I love making fresh pasta. I know it can sound intimidating to make your own dough from scratch, but seriously, it’s so simple to do, and fresh made pasta is always a show stopper.
Last weekend one of my favorite cooking buddies, Amanda and I were having a small dinner party with a few couples, and we decided to make some homemade raviolis for the group. It always helps to have an extra pair of hands in the kitchen when rolling out these large sheets of dough.
We went with a traditional cheese filled ravioli in tomato basil sauce, and a pork sage & wild mushroom filled ravioli that was cooked in a buttery, white wine broth, served with a thick loaf of soft Italian bread. We all agreed both raviolis were delicious, but the pork raviolis really stole the show. When you make fresh pasta it’s so much more susceptible to soaking up flavor – and this buttery broth was in every bite. Then, because apparently it’s not socially acceptable to drink the broth from our bowls like a second grader sipping his cereal – we dipped every piece of our crusty bread in to the broth to sop up every last bit of buttery flavor! This is one of my favorite recipes I’ve made to date. Enjoy.
For the pasta:
3 1/2 cups unbleached all-purpose flour
4 large eggs
1 tsp salt
Mound the flour in a volcano shape and make a well in the middle of the flour. Add the eggs and salt to the center. Using a fork, beat together the eggs and begin to incorporate the flour starting with the inner rim of the well.
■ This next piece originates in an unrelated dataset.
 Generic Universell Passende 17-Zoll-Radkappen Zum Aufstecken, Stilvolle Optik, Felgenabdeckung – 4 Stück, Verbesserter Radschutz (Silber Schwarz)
As you incorporate the eggs, keep pushing the flour up to retain the well shape. Once about half of the four is incorporated, get your hands dirty and begin working the dough with your hands.
Start kneading the dough with both hands, add more flour in 1/4-cup increments, if the dough is too sticky. Once the dough is a cohesive mass, remove the dough from your surface and scrape up any left over dry bits. Lightly flour the clean surface and continue kneading for about 3 more minutes. The dough should be elastic and a little sticky. Remember to dust your surface with flour as necessary, or add a little water if it is too dry.
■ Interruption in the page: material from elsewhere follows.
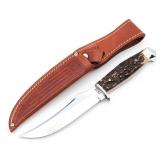 1940-65 Case XX Stag 5in Fixed Blade Hunter w/ She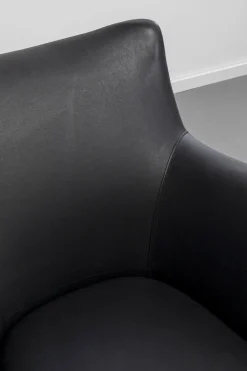 KARE Sessel Goldfinger Smart Leder Schwarz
Divide the dough in to 4 pieces and wrap the dough in plastic wrap and set aside for 30 minutes to one hour at room temperature.
While the dough is resting, make your filling.
Pork Sage Mushroom Ravioli in White wine Broth
3/4 lb ground Pork
1/2 lb mushrooms diced
2 cloves garlic minced
1 egg for filling, 1 egg for ravioli sheet
1/4 cup onion (diced very small)
2 tsp. fresh oregano
2 tsp. fresh thyme
1 tbs fresh sage
1/2 cup fine grated Parmesan cheese
1/2 cup thinly diced pancetta
3 cups low sodium Chicken Stock
2 cups Chardonnay (I used La Crema, one of my favorite buttery Chardonnays)
In a large saute pan cook your pancetta until just crispy- then set aside on a paper towel to drain.
In the same saute pan set to medium high with a drizzle of olive oil warm your minced garlic until just fragrant, about one minute. Add the diced onion and cook for about 3-4 minutes until translucent. Add all your chopped herbs and the ground pork. Work the mixture thoroughly with a wooden spoon to break up all the meat. Cook about 3/4 the way through (it will finish cooking when you boil it in the pasta). Then transfer the pork filling to a mixing bowl. Add the parmesean cheese, mix well incorporating everything then add your raw egg to help bind the filling together.
After your pasta dough has had time to rest you can begin rolling it through the pasta machine to make your flat sheets. Start with the widest setting and simply feed through the roller to make the sheets. Decrease the width by one stop each run through until you end up with a long, almost translucent sheet of pasta.
Cut the long roll in to a more manageable length and place on a floured cutting surface. Dollop a spoon full of filling in to place about 2 inches apart from each other. Our wide pasta sheets allowed us to make two rows on each sheet.
In a small bowl beat one egg with a little water. Using a pastry brush, brush the beaten egg on the pasta sheet around the filling. Lay a matching flat sheet of pasta on top of the filling layer and work with your fingers to press the pasta around each ravioli, trying best to get out any air bubbles. Then cut out each ravioli (I just used a pizza cutter to do this). Press tightly on the edges to make sure they are sealed. Set them aside on a tray lined with parchment paper, once all your raviolis are cut, place them in the freezer for just 10 minutes to make sure they are set.
With the raviolis in the freezer, it’s time to bring your chicken stock and white wine to a boil in a large pot. Taste the broth first- salt to taste if needed. Then working in small batches drop your ravioli in to the broth and cook about 3-5 minutes until they all float, that’s when you know they are done. As they cook set them aside in a serving bowl with a little broth to swim in.
Once all are cooked add some extra broth in the serving bowl and garnish with the crispy cooked pancetta. Serve immediately.